[Supplied data Boundary: Start]

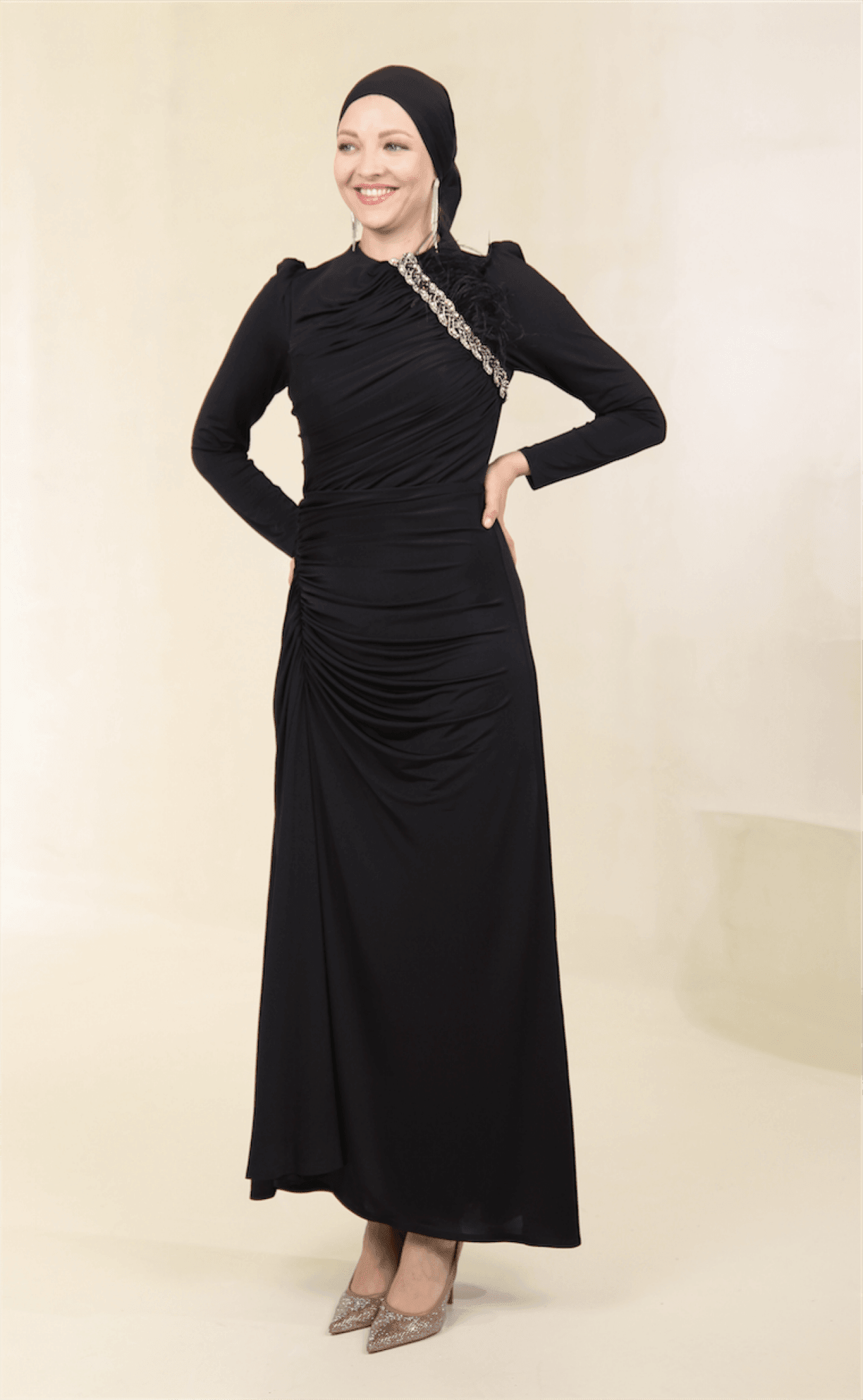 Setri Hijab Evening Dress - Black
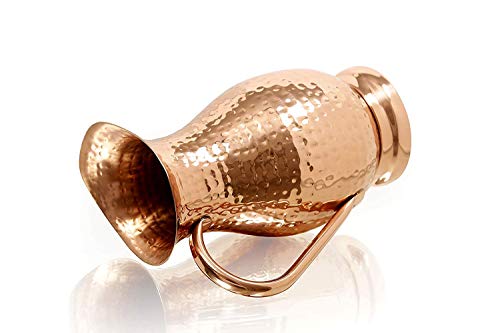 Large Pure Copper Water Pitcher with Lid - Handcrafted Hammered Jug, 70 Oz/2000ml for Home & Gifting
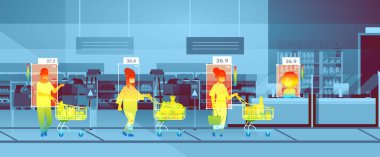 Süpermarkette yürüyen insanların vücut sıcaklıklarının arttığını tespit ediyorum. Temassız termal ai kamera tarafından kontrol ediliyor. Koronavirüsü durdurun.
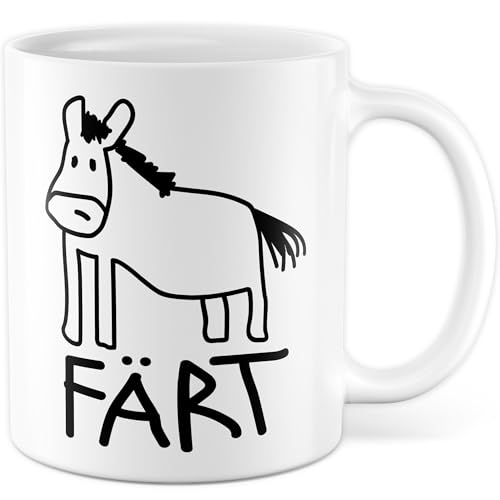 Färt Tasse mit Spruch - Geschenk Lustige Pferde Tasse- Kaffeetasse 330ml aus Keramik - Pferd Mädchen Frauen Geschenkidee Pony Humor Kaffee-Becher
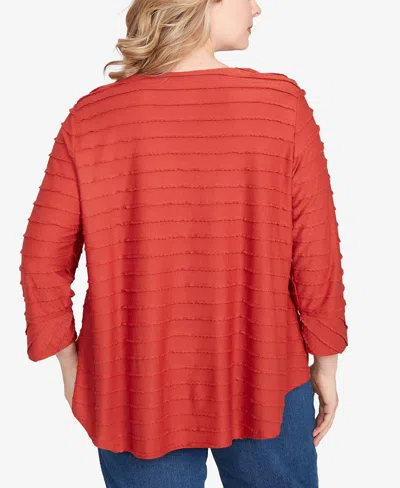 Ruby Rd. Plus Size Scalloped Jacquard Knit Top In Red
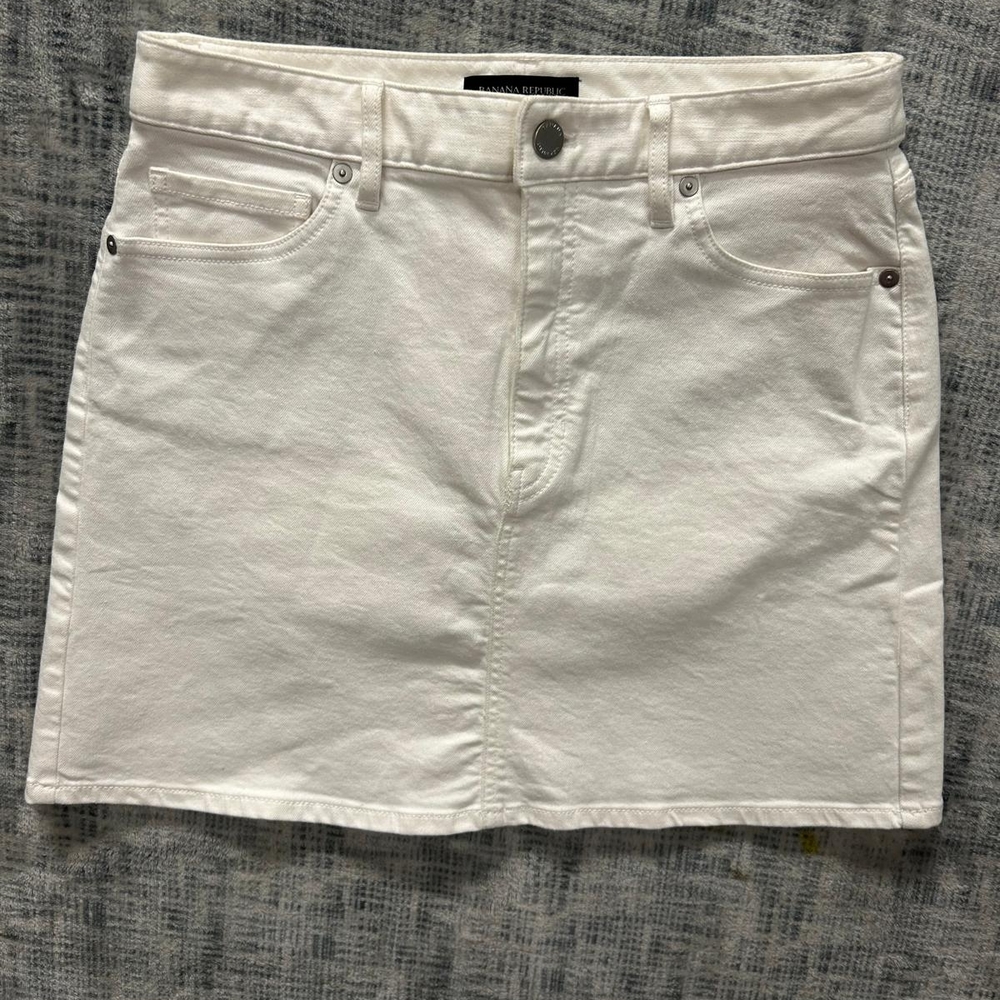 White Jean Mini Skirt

[Supplied data Boundary: End]

# Task statement
Go to the line that contains "Süpermarkette yürüyen insanların" and copy exactly from there through the last line of the records above, both included. Omit pictures.

# Response
 Süpermarkette yürüyen insanların vücut sıcaklıklarının arttığını tespit ediyorum. Temassız termal ai kamera tarafından kontrol ediliyor. Koronavirüsü durdurun.
 Färt Tasse mit Spruch - Geschenk Lustige Pferde Tasse- Kaffeetasse 330ml aus Keramik - Pferd Mädchen Frauen Geschenkidee Pony Humor Kaffee-Becher
 Ruby Rd. Plus Size Scalloped Jacquard Knit Top In Red
 White Jean Mini Skirt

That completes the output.